Directly through Vinmetrica. Was on their waiting list. $500 for the Pro.


----------



## mainshipfred (Jun 9, 2017)

FTC Wines said:


> You won't be disappointed, we love ours. Look at the videos on the Vinmetric site they are very helpful. Roy



Thanks, probably do that before I get it.


----------



## Boatboy24 (Jun 9, 2017)

FTC Wines said:


> You won't be disappointed, we love ours. Look at the videos on the Vinmetric site they are very helpful. Roy



Agree. I was a little intimidated after simply reading the directions on my SC-100. But after watching a video or two,  it became much more obvious.


----------



## mainshipfred (Jun 10, 2017)

Boatboy24 said:


> Agree. I was a little intimidated after simply reading the directions on my SC-100. But after watching a video or two,  it became much more obvious.



Already watched some videos and read the literature. When it comes in I'll have 5 wines to test. This should take care of my trial and error period. Next I'll have to learn how to use the calculators to determine how much of what to add.
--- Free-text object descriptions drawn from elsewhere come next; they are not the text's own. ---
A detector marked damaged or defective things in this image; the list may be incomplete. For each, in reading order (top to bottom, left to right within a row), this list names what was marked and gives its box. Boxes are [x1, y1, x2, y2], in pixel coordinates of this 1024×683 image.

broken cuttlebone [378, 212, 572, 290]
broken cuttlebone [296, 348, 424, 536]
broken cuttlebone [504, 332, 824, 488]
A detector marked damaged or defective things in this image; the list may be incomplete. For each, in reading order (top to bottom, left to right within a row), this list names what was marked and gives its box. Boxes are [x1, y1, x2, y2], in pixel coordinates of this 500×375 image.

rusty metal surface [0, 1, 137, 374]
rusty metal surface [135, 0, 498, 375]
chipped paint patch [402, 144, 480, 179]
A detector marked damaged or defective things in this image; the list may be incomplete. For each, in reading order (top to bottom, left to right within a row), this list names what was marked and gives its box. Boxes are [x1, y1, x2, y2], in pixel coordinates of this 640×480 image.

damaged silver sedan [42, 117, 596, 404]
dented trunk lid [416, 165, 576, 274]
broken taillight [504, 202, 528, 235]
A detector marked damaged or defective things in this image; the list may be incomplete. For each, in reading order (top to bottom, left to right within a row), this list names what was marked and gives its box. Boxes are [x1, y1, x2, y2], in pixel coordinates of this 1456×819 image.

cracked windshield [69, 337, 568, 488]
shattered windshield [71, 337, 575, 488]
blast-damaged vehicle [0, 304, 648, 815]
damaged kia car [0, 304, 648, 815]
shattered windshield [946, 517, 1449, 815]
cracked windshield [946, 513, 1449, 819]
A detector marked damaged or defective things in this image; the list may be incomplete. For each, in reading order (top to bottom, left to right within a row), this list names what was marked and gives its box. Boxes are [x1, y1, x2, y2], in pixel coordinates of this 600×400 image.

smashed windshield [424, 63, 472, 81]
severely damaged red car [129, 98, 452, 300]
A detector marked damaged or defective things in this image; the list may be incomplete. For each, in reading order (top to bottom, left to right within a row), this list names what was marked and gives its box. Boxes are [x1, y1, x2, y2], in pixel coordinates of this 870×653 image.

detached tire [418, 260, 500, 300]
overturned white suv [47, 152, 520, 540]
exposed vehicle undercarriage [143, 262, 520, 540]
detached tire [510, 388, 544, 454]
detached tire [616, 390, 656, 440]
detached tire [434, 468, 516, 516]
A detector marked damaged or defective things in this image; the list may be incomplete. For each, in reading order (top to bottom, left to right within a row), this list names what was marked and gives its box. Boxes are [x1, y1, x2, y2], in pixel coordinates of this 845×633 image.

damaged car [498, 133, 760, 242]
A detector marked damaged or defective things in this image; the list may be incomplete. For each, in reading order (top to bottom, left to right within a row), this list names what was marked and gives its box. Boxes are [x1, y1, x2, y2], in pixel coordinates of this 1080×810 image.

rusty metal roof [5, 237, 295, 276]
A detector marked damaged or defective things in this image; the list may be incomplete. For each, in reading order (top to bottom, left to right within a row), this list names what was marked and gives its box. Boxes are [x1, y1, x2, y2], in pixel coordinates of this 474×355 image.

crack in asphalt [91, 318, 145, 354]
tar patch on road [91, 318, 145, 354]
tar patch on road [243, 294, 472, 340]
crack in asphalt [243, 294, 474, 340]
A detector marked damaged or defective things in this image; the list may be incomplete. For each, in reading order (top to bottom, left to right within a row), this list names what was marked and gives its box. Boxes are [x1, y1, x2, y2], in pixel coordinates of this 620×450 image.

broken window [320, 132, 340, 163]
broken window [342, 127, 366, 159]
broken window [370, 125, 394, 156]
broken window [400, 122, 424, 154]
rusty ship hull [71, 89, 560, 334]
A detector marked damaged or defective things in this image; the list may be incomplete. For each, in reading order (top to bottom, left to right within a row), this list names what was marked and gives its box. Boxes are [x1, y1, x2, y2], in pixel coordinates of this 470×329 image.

More fun learning stuff.


----------



## FTC Wines (Jun 10, 2017)

Fred, I at least assume its Fred, and you own a Mainship ? we lived on a Grand Banks for 10 years. Back to topic, I also made some " cheat sheets" that we use each time we do the testing, easier than rereading their directions. Just bought all new regents and NOW only one has a 6 month expiration on it.its the SO2 Tritrant. That's good news, it was costly throwing them out each year. Actually you were supposed to replace them every 6 months, but I only did yearly. Roy


----------



## mainshipfred (Jun 10, 2017)

FTC Wines said:


> Fred, I at least assume its Fred, and you own a Mainship ? we lived on a Grand Banks for 10 years. Back to topic, I also made some " cheat sheets" that we use each time we do the testing, easier than rereading their directions. Just bought all new regents and NOW only one has a 6 month expiration on it.its the SO2 Tritrant. That's good news, it was costly throwing them out each year. Actually you were supposed to replace them every 6 months, but I only did yearly. Roy



Ray,Yes and yes, mine is a 1988 35 ft Mediteranean single berth so the salon is a pretty nice size. I think they only made one other model that was gas. I assume yours had diesels. Aren't the new reagents or atleast some of the new ones 1 year? I think I read that somewhere.


----------



## FTC Wines (Jun 11, 2017)

Fred, Our 42 Banks had twin 120 Diesels. Also had a Marine Trader 34 before her, with a single 120. My new Regents came last week & ALL but the SO2 Titrant had the "expires in 6 months" blacked out with a black felt pen. The SO 2 had "expires 10-2018" Roy


----------



## mainshipfred (Jun 11, 2017)

FTC Wines said:


> Fred, Our 42 Banks had twin 120 Diesels. Also had a Marine Trader 34 before her, with a single 120. My new Regents came last week & ALL but the SO2 Titrant had the "expires in 6 months" blacked out with a black felt pen. The SO 2 had "expires 10-2018" Roy


2 true trawlers. Even though mine says it does 30 knots I never go more then 16. Burns too much fuel otberwise.c


----------



## mainshipfred (Jun 12, 2017)

Responded on my phone and the message didn't all go through. I did read that they were extending the shelf life of their reagents. I also read that if stored properly they could last even longer. Did you read Daniel Pambianchi's comment on measuring dissolved O2. Too new to know exactly what it means but I appears the 300 with an additional probe can take this reading.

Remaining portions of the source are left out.